Still, he has good reason to be optimistic that his malignant reign will continue. Electoral math and political terrain make 2020 a challenging year for Democrats hoping to take control of the upper chamber. They would have to hold on to every Senate seat they now control, and that won’t be easy. Alabama’s lone Democratic senator, Doug Jones, won his seat because of special circumstances — a vile opponent named Roy Moore — that worked in his favor. Jones is particularly vulnerable in his re-election bid.

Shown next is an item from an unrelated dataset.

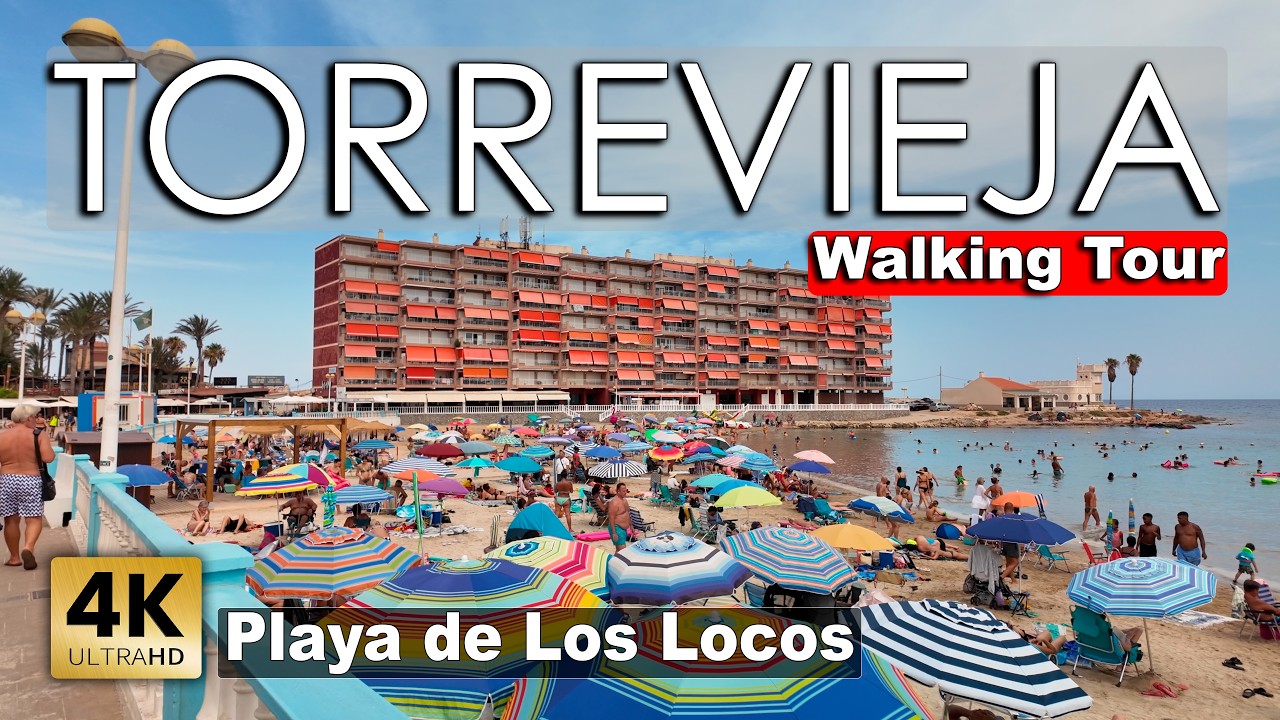Torrevieja - Playa de los Locos, August 2025 - Spain | Costa Blanca - Walking tour [4k 60 fps]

In addition to retaining the seats they now control, Democrats need to pick up three seats currently held by Republicans. (That’s if Democrats win the White House; if Trump is re-elected, Democrats would need to pick up four seats for effective control.) While 23 Republican senators are up for re-election next year, most are in states considered likely or certain GOP territory.

Isakson’s announcement, though, makes one formerly certain seat a little less so.

His replacement, who will be named by Georgia’s Republican governor, Brian Kemp, will surely be a hardcore conservative, and that new senator will bring the advantage of incumbency to the campaign in 2020. But he or she won’t have Isakson’s stature.

The Democratic Senatorial Campaign Committee should get serious about including Georgia in next year’s prospects, starting with recruiting an excellent candidate. Getting rid of McConnell ought to be every bit as compelling as getting rid of Trump.